_TASK BRIEF_
Leaving the pictures aside, reproduce the data in full and word for word.

_DATASET EXCERPT_
□ □ □ □ □

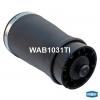 KRAUF WAB1031TI Пневмобаллон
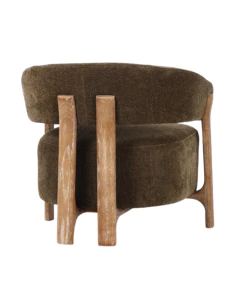 Sofa PJS57501 en internet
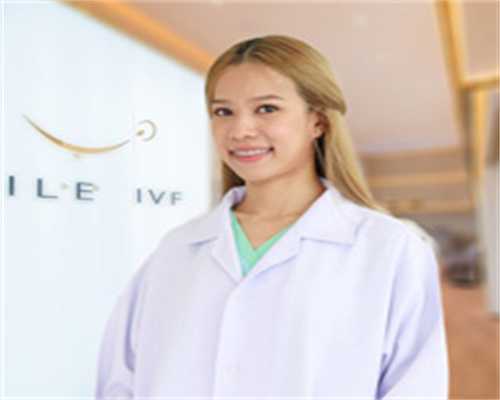 备孕期间梦见老家的房子倒塌是代表工作运势受阻吗?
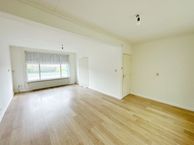 Zuidzandseweg 5, 4506 HC Cadzand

□ □ □ □ □

_WRITTEN ANSWER_
 KRAUF WAB1031TI Пневмобаллон
 Sofa PJS57501 en internet
 备孕期间梦见老家的房子倒塌是代表工作运势受阻吗?
 Zuidzandseweg 5, 4506 HC Cadzand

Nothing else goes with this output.